*** Opening Excerpted records ***
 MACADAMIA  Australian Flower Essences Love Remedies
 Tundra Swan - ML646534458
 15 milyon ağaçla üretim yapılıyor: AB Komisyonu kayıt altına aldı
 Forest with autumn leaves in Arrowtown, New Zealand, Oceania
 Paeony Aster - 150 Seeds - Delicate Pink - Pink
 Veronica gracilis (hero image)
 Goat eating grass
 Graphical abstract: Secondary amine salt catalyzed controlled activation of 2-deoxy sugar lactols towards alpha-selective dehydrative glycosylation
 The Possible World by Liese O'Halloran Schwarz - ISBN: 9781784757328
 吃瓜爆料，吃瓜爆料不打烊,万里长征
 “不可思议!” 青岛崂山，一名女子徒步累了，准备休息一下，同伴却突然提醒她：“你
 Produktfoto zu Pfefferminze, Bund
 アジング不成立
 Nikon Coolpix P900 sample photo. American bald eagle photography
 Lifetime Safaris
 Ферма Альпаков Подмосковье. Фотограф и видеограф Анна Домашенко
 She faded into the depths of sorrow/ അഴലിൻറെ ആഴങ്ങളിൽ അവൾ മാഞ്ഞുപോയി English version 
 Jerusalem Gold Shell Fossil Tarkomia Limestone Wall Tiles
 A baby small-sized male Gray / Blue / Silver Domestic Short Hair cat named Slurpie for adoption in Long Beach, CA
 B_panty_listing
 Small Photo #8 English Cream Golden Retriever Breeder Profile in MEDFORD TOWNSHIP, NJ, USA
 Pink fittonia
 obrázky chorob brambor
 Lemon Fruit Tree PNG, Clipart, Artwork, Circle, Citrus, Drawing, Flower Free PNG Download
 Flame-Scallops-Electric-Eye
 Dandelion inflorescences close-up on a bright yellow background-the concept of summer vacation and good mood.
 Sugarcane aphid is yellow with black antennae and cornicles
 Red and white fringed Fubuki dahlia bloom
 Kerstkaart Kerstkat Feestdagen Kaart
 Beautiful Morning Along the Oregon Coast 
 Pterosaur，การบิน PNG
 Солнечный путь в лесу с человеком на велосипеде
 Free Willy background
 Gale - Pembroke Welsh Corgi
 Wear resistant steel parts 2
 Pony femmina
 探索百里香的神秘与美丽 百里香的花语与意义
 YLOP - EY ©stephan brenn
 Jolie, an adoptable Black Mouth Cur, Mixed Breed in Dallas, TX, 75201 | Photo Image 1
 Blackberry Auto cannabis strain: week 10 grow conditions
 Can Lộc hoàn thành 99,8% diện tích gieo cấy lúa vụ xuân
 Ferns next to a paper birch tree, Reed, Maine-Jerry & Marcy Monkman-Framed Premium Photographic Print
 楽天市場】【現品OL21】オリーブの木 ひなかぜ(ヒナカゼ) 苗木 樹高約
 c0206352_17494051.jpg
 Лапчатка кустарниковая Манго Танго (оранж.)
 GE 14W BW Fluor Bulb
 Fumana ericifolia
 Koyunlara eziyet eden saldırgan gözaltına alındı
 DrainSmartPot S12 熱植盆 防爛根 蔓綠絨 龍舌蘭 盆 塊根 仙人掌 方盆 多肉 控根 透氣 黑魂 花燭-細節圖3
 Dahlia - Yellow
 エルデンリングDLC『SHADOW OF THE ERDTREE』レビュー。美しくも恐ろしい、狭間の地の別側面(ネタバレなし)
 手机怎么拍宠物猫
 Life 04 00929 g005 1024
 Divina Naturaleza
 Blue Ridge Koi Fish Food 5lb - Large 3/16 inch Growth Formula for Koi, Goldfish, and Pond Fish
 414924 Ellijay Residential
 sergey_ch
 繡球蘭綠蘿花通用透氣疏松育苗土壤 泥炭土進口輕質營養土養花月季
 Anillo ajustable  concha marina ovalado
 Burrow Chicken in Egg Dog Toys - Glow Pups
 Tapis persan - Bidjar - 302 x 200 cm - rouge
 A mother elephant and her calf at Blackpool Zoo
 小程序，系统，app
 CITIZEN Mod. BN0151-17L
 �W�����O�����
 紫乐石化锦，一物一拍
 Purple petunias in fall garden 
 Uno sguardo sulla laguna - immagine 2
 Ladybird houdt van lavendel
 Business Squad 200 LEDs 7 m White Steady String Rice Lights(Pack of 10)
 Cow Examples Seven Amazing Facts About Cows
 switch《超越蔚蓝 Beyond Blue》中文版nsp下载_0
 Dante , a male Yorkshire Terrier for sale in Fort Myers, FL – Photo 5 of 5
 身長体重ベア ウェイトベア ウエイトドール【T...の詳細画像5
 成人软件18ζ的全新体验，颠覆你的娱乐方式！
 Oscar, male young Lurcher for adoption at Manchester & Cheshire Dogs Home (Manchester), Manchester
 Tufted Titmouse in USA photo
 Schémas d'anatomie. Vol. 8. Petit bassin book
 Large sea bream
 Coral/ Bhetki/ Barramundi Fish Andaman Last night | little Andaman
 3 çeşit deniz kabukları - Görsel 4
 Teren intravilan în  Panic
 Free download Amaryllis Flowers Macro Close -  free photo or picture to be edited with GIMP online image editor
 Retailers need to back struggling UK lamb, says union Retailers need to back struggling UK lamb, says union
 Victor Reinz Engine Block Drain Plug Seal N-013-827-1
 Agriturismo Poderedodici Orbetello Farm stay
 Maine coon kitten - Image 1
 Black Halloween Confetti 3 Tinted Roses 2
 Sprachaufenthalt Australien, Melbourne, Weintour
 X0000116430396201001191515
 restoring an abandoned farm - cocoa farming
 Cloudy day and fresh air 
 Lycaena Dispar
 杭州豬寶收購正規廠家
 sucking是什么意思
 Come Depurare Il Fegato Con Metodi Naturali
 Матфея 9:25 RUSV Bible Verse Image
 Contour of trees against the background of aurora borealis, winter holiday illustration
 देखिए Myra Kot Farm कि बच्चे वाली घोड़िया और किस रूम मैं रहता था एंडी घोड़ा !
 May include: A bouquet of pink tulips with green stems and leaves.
*** Closing Excerpted records ***
▶ [Your assignment] Starting at the line that contains "3 çeşit deniz kabukları - Görsel 4" and stopping after the line that contains "restoring an abandoned farm - cocoa farming", write out every line exactly as it appears above, and no other line.

▶ [Exercise output]
 3 çeşit deniz kabukları - Görsel 4
 Teren intravilan în  Panic
 Free download Amaryllis Flowers Macro Close -  free photo or picture to be edited with GIMP online image editor
 Retailers need to back struggling UK lamb, says union Retailers need to back struggling UK lamb, says union
 Victor Reinz Engine Block Drain Plug Seal N-013-827-1
 Agriturismo Poderedodici Orbetello Farm stay
 Maine coon kitten - Image 1
 Black Halloween Confetti 3 Tinted Roses 2
 Sprachaufenthalt Australien, Melbourne, Weintour
 X0000116430396201001191515
 restoring an abandoned farm - cocoa farming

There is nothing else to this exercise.